[Work task] Every record that follows must be set down word for word.

Caption-style text data:
┌──
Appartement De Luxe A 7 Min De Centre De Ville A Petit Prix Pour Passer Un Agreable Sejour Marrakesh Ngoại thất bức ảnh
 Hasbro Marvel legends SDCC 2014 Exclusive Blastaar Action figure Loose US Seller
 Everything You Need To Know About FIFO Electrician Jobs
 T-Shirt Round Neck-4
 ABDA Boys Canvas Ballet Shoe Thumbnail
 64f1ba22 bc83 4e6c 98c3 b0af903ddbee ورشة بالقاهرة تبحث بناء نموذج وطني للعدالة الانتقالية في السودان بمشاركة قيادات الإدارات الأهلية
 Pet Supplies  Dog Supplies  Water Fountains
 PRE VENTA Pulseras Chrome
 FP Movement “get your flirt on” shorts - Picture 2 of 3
└──
[Task output]
Appartement De Luxe A 7 Min De Centre De Ville A Petit Prix Pour Passer Un Agreable Sejour Marrakesh Ngoại thất bức ảnh
 Hasbro Marvel legends SDCC 2014 Exclusive Blastaar Action figure Loose US Seller
 Everything You Need To Know About FIFO Electrician Jobs
 T-Shirt Round Neck-4
 ABDA Boys Canvas Ballet Shoe Thumbnail
 64f1ba22 bc83 4e6c 98c3 b0af903ddbee ورشة بالقاهرة تبحث بناء نموذج وطني للعدالة الانتقالية في السودان بمشاركة قيادات الإدارات الأهلية
 Pet Supplies  Dog Supplies  Water Fountains
 PRE VENTA Pulseras Chrome
 FP Movement “get your flirt on” shorts - Picture 2 of 3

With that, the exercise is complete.